5.4 解を求めて … まず局所解の存在と一意性

(理論的な話に慣れいてない人、特に初めて読む場合は、 軽く読み流すだけで良いです。 一方、この部分は実はほとんどいつでもワンパターンなので、 この機会に少し時間をかけて学ぶ価値は高いと思います。)


コンピューター・シミュレーションで相当のことが “分かる” けれども、 例えば周期解になるらしい、ということが分かっても、本当に周期解だろうか? という疑問に答えるには、数学的な考察が必要になる。

ここでは、まず局所解が存在すること、 それがただ一つであること (解の一意性、単独性) をどのように確認するか考えよう。

(初期値問題の局所解とは: 解は関数であり、 変数のどういう範囲について定義されているかという定義域がある。 解の存在を保証する定理の多くは、 初期時刻 $ t_0$ から十分短い時間の間は、 微分方程式を満たす関数が存在する、 という形をしている。 そのような定義域が狭い範囲に限定された(短い時間の間の)解のことを局所解と呼ぶ。)


微分方程式 (C.17) の右辺に現れる関数 $ f(\bm{x})=\begin{pmatrix}ax-bxy \\ -cy+dxy \end{pmatrix}$ は、 各成分が多項式なので、$ C^\infty$ 級の関数である。

特に$ f$ は連続であるから、局所解が存在することが分かる (付録 D.2 の 定理D.1)。 長い時間が経っても解が存在するかどうかは、この段階ではまだ分かっていない (後述する)。

また $ f$$ C^1$級であるから、解の一意性が成り立つことが分かる (付録 G.3 の定理D.9)。 一意性と言われてもピンと来ないかもしれないが、後で意外と使うことになる。

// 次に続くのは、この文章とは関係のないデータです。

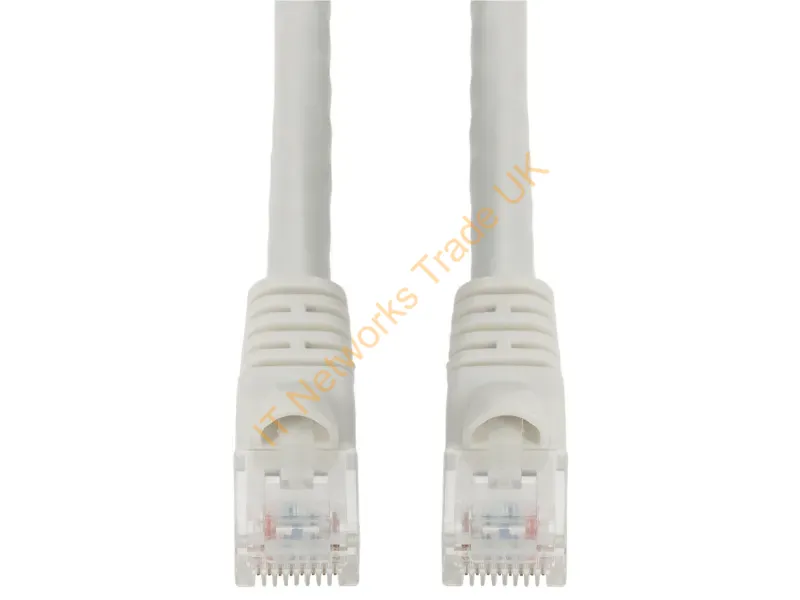 ADD-7FCAT6-WE-25PK - Addon Networks Add-7Fcat6-We-25Pk Networking Cable Gray 83.9" (2.13 M) Cat6 U/Utp (Utp)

(Malthusの法則や、logistic equation などのように、 微分方程式の解がこういう式で表される、ということが示せたとき、 解の公式が得られただけでなく、解の一意性も (多くの場合は) 同時に示せたことになる。 そのため、具体的な式で解ける問題ばかり調べていると、 一意性にあまり注意を払わずに済んでしまう (「そういうことをする必要はあるんですか?」)。 しかし、解を表す式が得られない場合は、解の一意性だけでも分かると、 色々と有効である。)